Insolvent companies, meanwhile, are by definition in need of funding, so it is no surprise that in countries like the UK the assignment of a cause of action to a third party would not run afoul of prohibitions against champerty and maintenance.

In Hong Kong it has been less clear-cut, although two recent cases have shown that the jurisdiction is becoming more open to litigation funding in insolvency cases.

The first is that of Akai Holdings vs. Ernst & Young in 2009. Akai was a Hong Kong-listed electronics manufacturer which had gone into liquidation in 2004. Liquidators launched an action in the Hong Kong High Court against the Ernst & Young, claiming damages for alleged negligence and breach of duty in auditing Akai's accounts from 1997 to 1999. They argued this negligence led to the company's eventual collapse.

The case was significant in that the liquidators are reported to have obtained court approval for the litigation funding from a third party investor - however the identity of the fund remained anonymous.

"Akai is what caught people's attention," says CI's shone. "You had a big liquidation and a horrendously expensive case against a Big Four accounting firm. That's when people realized there were big opportunities in Asia."

The second, and perhaps more landmark ruling in terms of opening up the Hong Kong market, was that of the insolvency of Cyberworks Audio Video Technology. Briscoe & Wong, one of the firm's liquidators, sought sanction to enter into an agreement with litigation funder Remedy Asia, so that it could pursue litigation against various parties in a bid to recover losses.

Cut of the profits

When successful in a case, litigation funders can take anything between 30-60% of a client's financial reward. With potential claims amounting to hundreds of millions, return cans be very lucrative.

"The basic figure we are coming out with is that for every dollar we invest, we get three dollars back," says IMF's Mclernon. "That is over an average of 2.2 years for each case - so it is a tick under a 100% gross return, and from what we can tell that is scalable."

While there is no data readily available on returns for litigation fund investors, industry participants are expecting similarly high returns as IMF's McLernon. London-listed litigation financier Juridica, for example - which has $200 million in assets under management - recently reported a total IRR of 81.97% across all the recoveries in 2012.

But can the same returns be expected in Asia? CI's Shone thinks they can, although he cautions that the nature of the risk requires a sophisticated investor. There is no guarantee that every case will be won - and when one is lost, the fund investor bears the cost.

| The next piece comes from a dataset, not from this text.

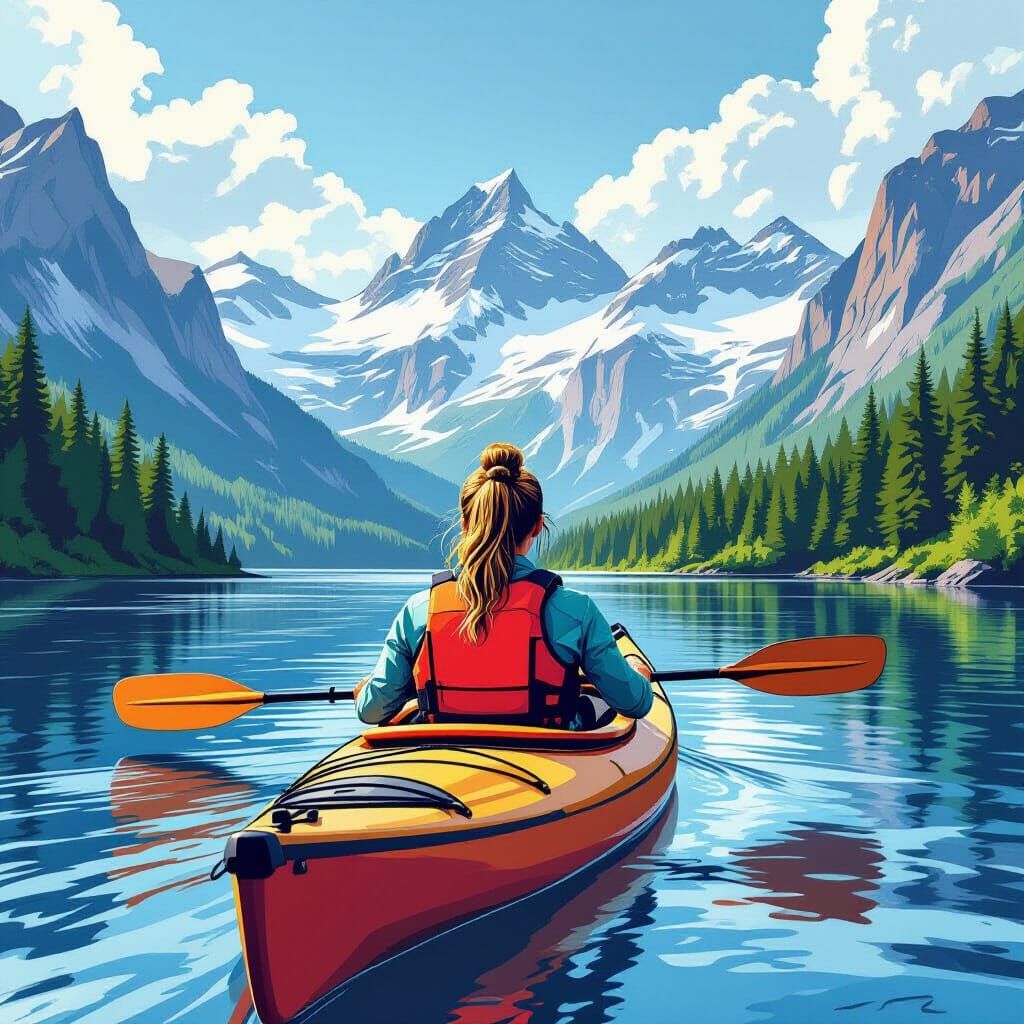 Kayaking Woman in Hyper-Realistic Comic Book Landscape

"It is relatively high-risk strategy where everything depends on your case selection, your management and cost control," he says. "There also a lot of factors beyond your control." CI counts institutional investors and large family office among its LPs.

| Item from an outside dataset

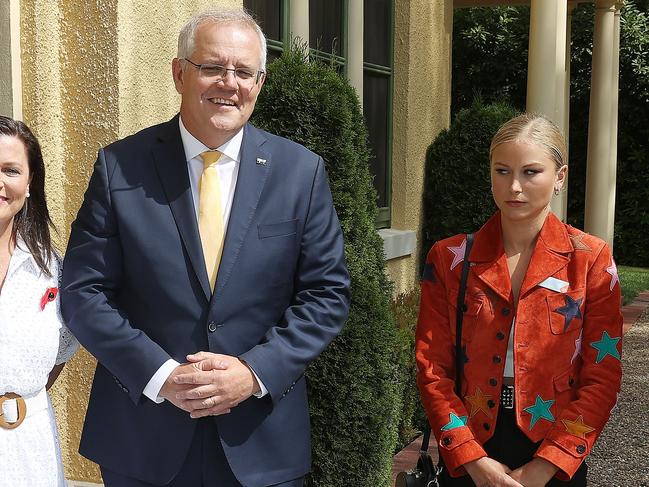 Prime Minister Scott Morrison with Grace Tame, who appeared to be uncomfortable with the meeting. Picture: NCA NewsWire / Gary Ramage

Given the risks involved, legal experience within team is essential; indeed, many litigation funders come from a legal background rather than an investment one.

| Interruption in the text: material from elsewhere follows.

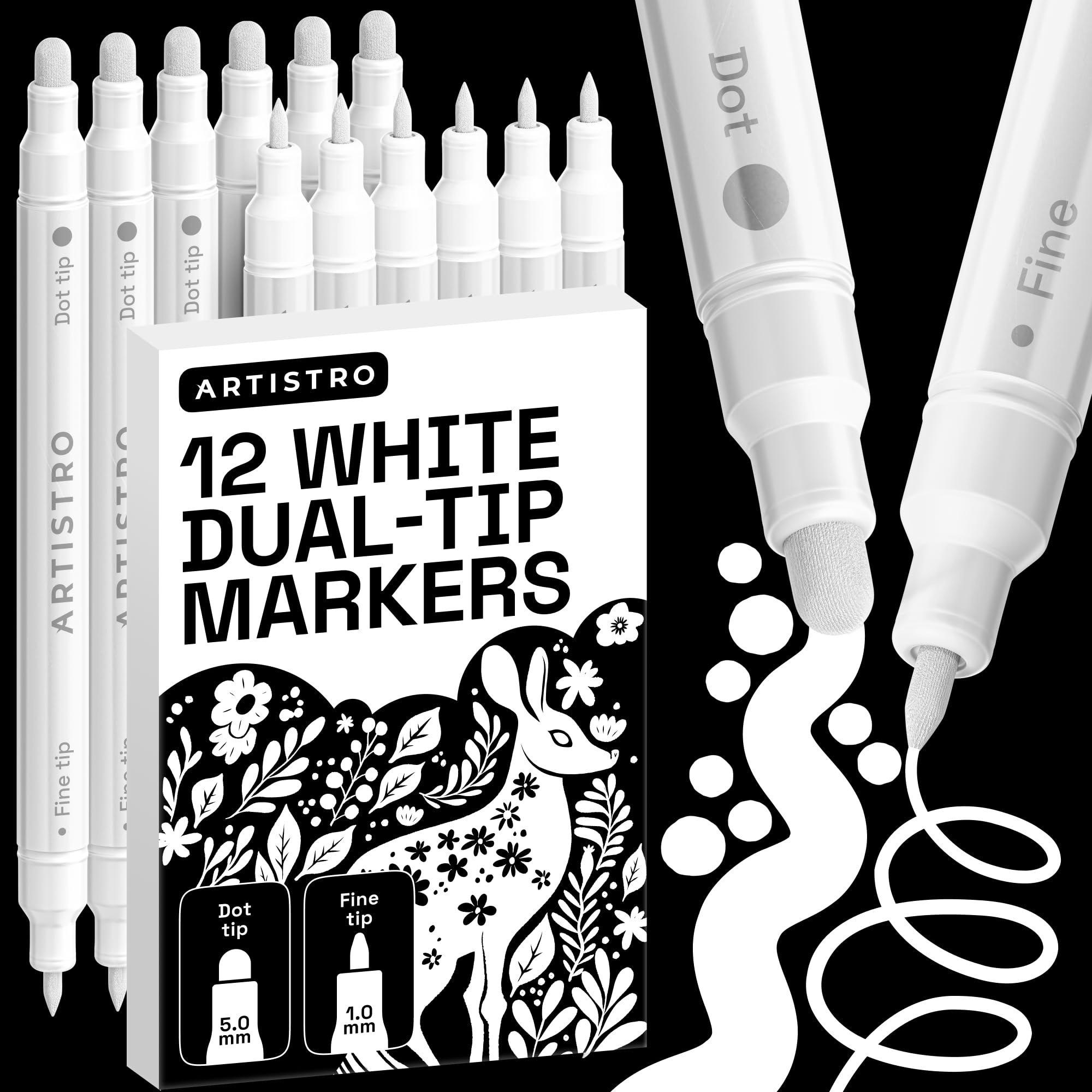 ARTISTRO 36 Dual Tip Pens, Dot & Fine Tips Paint Markers – Paint Pens Set for Fabric, Rock, Glass, Wood, Coloring Books – Arts & Crafts Gift – Classroom Must Haves & School Supplies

IMF's McLernon argues that a strong team can ameliorate the risk. "That is our arbitrage," he says. "It is our view of the risk compared to other people's view of the risk. If we settle eight out of 10 cases, and win half of those that go to court - that is nine out of 10 cases won - how many other business have that kind of certainty?"

While there are few Asia-focused litigation funds to speak of, anecdotal evidence suggests would-be LPs are interested.

Teras Group, a litigation financier based in Singapore, focuses on funding international cases involving Asian claimants that are litigated in US or UK courts. While the firm is currently privately financed it has claims to have received numerous approaches from prospective investors asking about a third-party vehicle.

"There is more interest in the region and more activity and that is a trend that will only continue," says Steven Goodman, Teras' founder. "A lot of people like the space and they like the proposition and the experience we have here. They often ask if we will take outside investment but we are just not ready yet."